Le scuse di routine più o meno recitano così: “Mi dispiace, sono stato frainteso”. Frase semplice, ma di scarsa efficacia, perché ormai la frittata è fatta e il malinteso, se tale si può definire, ha già seminato i suoi veleni, distruggendo le radici della pianta di una relazione umana.
L’incomprensione è all’ordine del giorno. Abbiamo dentro di noi una tendenza quasi istintiva a essere incapaci di comprendere sentimenti, necessità e perfino il carattere degli altri, anche delle persone che più amiamo. Allo stesso tempo, più che arrotondare la realtà, cosa talvolta anche necessaria, tendiamo a stravolgerla, anche senza diventare dei bugiardi seriali, categoria molto specifica di un genere umano che non conosce il problema della denatalità. Forse è autodifesa, forse è indifferenza, forse è poca voglia di sforzarci: ma in ogni caso l’incomprensione è dietro l’angolo, pronta a guastare, a farci sprecare i migliori rapporti umani, tra le singole persone, e nelle collettività.
Sicuramente essere fraintesi non è soltanto un problema di linguaggio. Dietro parole (e comportamenti) probabilmente sbagliate, esagerate, inopportune, barocche nella loro finta complessità, ci sono altri buchi neri che portano alla palude dell’incomprensione, che poi facilmente si può trasformare in un regolamento di conti.
Uno dei paradossi del tempo contemporaneo è che abbiamo sempre più mezzi, pensate alla tecnologia, all’uso dei social network, e adesso allo tsunami dell’Intelligenza Artificiale (AI) per comunicare e anche per fare self-marketing, ovvero propaganda sulla nostra persona, eppure facciamo sempre più fatica a farci capire. Ovvero per quanto ci sforziamo di dare una certa impressione di noi stessi, veniamo poi percepiti in modo molto diverso. Con possibili, disastrosi rischi. Una situazione tipica è quella di un uomo che la sera, a tavola, inizia a sbadigliare mentre mangia con la moglie, e lei immediatamente capisce che lui non vuole la sua compagnia. Magari però è solo stanco. Un altro caso è quando offriamo aiuto a un’altra persona, un collega di lavoro che si sente in competizione, che interpreta questo gesto come una mancanza di fiducia nelle sue possibilità. E non capirsi apre la strada agli equivoci, alle incomprensioni, ai conflitti. Ai rancori.

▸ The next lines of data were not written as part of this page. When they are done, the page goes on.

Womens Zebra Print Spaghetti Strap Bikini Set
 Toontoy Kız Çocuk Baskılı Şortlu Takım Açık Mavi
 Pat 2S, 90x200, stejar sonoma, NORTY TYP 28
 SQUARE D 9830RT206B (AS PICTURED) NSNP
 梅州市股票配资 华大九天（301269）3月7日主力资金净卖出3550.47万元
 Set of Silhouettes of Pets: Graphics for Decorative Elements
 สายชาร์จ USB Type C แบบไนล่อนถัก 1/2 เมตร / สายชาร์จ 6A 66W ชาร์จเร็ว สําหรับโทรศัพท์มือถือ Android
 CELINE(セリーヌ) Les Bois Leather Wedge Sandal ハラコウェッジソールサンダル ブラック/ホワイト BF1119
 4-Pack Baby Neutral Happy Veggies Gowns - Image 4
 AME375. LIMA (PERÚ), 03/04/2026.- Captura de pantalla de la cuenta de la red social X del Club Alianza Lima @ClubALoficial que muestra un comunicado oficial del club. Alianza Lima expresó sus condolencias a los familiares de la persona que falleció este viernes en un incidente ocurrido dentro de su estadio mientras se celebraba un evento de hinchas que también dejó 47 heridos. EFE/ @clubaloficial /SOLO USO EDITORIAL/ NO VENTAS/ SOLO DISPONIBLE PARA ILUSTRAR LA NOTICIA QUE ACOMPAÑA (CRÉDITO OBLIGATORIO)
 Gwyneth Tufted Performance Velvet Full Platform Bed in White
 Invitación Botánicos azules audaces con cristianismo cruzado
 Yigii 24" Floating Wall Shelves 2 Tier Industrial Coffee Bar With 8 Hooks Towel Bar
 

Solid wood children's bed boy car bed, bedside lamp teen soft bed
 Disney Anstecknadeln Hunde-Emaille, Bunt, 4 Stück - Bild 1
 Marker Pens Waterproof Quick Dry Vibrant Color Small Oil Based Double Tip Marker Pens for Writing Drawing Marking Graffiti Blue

Una leva micidiale di questo meccanismo è quella che banalmente si definisce “mancanza di dialogo”, non a caso un’espressione considerata quasi un sinonimo di incomprensione. Già, il dialogo, ovvero la capacità di comunicare con gli altri. L’abilità del comunicare, del parlare e del farsi capire, non riguarda solo le tecniche del marketing, le ambizioni dei politici, o i fatturati annunciati dai dirigenti ai vertici delle aziende che puntano su un prodotto e tentano di farlo penetrare nel nostro cervello: no, riguarda anche i nostri rapporti più diretti e più vicini, gli affetti che appartengono alla sfera dei sentimenti più profondi. I nostri stili di vita. E dunque riuscire a farsi capire, scansare le premesse dell’incomprensione, significa vivere meglio.
Heidi Grant Halvorson, psicologa sociale alla Columbia University, ha scritto un libro molto efficace intitolato Cosa fare se nessuno ti capisce, dove cerca di mettere in fila le principali cause di queste continue incomprensioni. In particolare colpiscono due aspetti che si riferiscono proprio ai nostri comportamenti ed a un certo meccanismo del cervello. Il primo è “l’illusione della trasparenza”. E funziona più o meno così: siamo talmente convinti della nostra rappresentazione, e qui scatta la molla della presunzione, che non dedichiamo alcuno sforzo, e tantomeno tempo, a essere chiari e diretti con le nostre intenzioni, in modo da ottenere un giudizio degli altri in sintonia con le aspettative. Giriamo attorno alla realtà, senza saperlo, e scivoliamo nella zona grigia dell’illusione.
Che cosa possiamo fare per dare alle persone alle quali siamo interessati l’impressione che vogliamo? Come è possibile capirsi meglio, nel reciproco interesse? La Halvorson non elabora una particolare dottrina, ma indica una regola fondamentale per soddisfare bene il bisogno, quasi naturale, di essere capiti: la chiarezza. I messaggi, ed i relativi segnali, devono essere nitidi, espliciti e non limitarsi ad aspettare che l’interlocutore interpreti ciò che diciamo. Spesso non ha né tempo né voglia di provarci. E secondo le ricerche scientifiche le persone semplici da giudicare, più chiare nei loro messaggi, sono anche le più serene nella vita e le più soddisfatte delle loro relazioni umane.